Bug transport

We do get the occasional chitinous creature roaming inside the house, and if the cats don’t get to it, I do try to take it outside. My preferred method is a clear plastic cup (so I can see, plastic is lighter than glass, and if I loose my nerve and drop it, I don’t break anything), and a sheet of card stock. The cup goes over the critter, the card stock slides underneath, and the whole contraption is taken outside.

Grass spider in a DIY transport

This grass spider was released near the stock tank garden, promoted to captain of the guardian army, and tasked with ejecting (by whatever means necessary) the unfriendlies that would eat the produce.

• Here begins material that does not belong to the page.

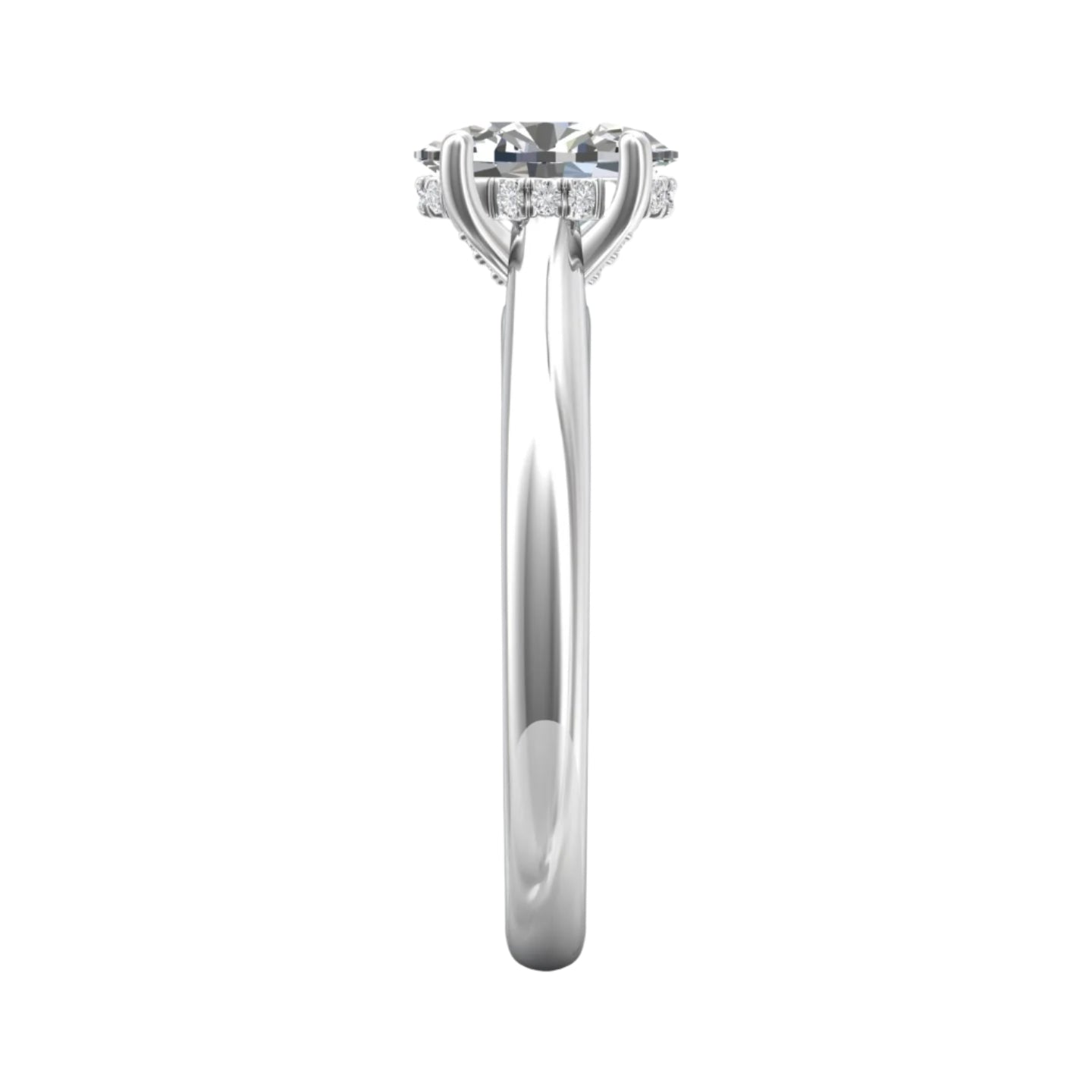 Round Main and side design Cubic Zirconia Engagement Sterling Ring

My house spiders do not get this treatment, as long as they stay in the upper corners, they are left alone to hunt flies. Did you know the house spider also hunts other spiders? Including the brown recluse. Welcome home, house spider.

Snowberry Clearwing

Ok, so that is a cool name, even if it is more fitting for a winter fairy than a hummingbird moth. The good folks on iNaturalist provided the ID. I found it before the wings filled out.

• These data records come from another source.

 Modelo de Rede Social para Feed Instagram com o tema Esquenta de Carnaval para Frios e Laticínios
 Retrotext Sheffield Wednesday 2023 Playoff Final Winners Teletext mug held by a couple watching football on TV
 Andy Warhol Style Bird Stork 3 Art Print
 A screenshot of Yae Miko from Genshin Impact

Snowberry Clearwing moth resting on a stick before I helped it perch high up in the honeysuckle

The Snowberry Clearwing (yup, going to use the full name every time, ‘cause wow), pupates in leaf litter and one of the host plants for the caterpillar is honeysuckle, so it makes sense that they find our front arbor a good home since it is full of several varieties of honeysuckle and mulched with leaf litter. I have to come clean, I wasn’t the first to spot it. Maybe this blurry photo will give you a clue who did.

Blurry photo of cat paws pulling down a honeysuckle vine while the newly emerged Snowberry Clearwing tries to valiantly escape

I was able to rescue Snowberry Clearwing and help it to perch out of the cat’s reach, much to Sophie’s dismay. I saw the moth again, or maybe another moth but I would like to think it was the rescued Snowberry Clearwing, on the Abelia bushes across the walk.

Snowberry Clearwing

Fair travels to you, Snowberry Clearwing, may the wind be always at your back.

Toad home

Since setting up the chicken foot baths to fill automatically, the area around the shallow dishes has been more damp. The little snakes and frogs that move in don’t stand a chance if the chickens see them, but one industrious toad has dug an expansive mansion under the tray, and is big enough that the chickens leave her alone.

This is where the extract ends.